「テーマパーク化した大学」を経たZ世代の不都合 先生と生徒が共犯でうみだす「いい子症候群」
「大学のテーマパーク化」というフレーズがある。大学の現状を揶揄し、学生が大学に遊びにきている、といった意味で用いられることが多い。とはいえ、これは最近の傾向というわけでもなく、老若男女問わず、「大学で勉強していた」と言う人のほうが少数派ではないだろうか。
企業組織を研究する東京大学の舟津昌平氏は、Z世代が身を置く現代の「テーマパーク化した大学」の意味合いの変化を、ビジネスの観点から指摘する。
本記事では、舟津氏の著書『Z世代化する社会』より一部抜粋・再構成のうえ、「大学のテーマパーク化」の真意と、その問題点を浮き彫りにする。
「大学のテーマパーク化」の真意
「大学のテーマパーク化」には、「大学に遊びにきている」の他にもう1つの意味がある。そして、そっちの意味の方がよっぽど怖くて、かつ大学生のリアルを描いている。

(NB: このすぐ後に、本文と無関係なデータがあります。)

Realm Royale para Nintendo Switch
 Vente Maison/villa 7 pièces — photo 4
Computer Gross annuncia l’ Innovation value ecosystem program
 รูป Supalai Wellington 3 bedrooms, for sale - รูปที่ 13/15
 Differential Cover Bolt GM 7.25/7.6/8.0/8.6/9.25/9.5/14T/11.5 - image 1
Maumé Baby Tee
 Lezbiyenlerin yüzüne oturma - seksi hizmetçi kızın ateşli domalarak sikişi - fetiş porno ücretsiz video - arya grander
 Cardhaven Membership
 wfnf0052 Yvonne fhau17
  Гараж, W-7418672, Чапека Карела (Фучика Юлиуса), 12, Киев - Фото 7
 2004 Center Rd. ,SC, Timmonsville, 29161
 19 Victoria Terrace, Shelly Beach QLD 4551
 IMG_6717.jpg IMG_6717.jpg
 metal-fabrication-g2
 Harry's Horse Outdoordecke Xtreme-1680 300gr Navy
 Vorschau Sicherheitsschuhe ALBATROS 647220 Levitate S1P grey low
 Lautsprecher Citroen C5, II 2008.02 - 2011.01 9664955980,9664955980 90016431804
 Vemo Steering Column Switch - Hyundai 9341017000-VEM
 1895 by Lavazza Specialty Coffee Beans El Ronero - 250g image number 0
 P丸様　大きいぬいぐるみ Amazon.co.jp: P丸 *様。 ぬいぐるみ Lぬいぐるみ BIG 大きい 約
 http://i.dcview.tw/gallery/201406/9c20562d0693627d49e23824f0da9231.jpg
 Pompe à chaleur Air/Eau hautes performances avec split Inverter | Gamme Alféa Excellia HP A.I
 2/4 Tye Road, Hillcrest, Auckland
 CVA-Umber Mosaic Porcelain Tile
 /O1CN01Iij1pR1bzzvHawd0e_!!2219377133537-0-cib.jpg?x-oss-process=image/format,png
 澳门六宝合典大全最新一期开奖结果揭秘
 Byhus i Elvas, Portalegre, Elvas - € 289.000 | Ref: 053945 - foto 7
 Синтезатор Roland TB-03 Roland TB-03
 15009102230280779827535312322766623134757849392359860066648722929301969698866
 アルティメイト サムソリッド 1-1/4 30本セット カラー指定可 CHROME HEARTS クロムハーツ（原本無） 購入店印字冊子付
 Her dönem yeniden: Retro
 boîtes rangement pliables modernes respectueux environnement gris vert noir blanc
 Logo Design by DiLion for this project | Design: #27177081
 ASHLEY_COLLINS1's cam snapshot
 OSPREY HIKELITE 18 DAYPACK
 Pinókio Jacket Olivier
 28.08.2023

テーマパークといえば、ディズニーランドやUSJが想起できる。それらのエンタメは、経営学の視点から見ても舌を巻くほど高度で優れている。学生たちもテーマパークの虜になっていて、1回行くだけで教科書が3、4冊買える価格のチケットでも、なけなしのお金を払ってテーマパークに向かう。なぜ若者たちはテーマパークに熱狂するのだろうか。
ビジネスの観点から見れば、テーマパークはかなりの設備投資を行う必要があり、要は装置にとことんお金がかかっている。その規模は鉄鋼メーカーや自動車メーカーに匹敵し、大学の比ではない。ありていに言えば、相当のカネをかけることで非日常は創造されている。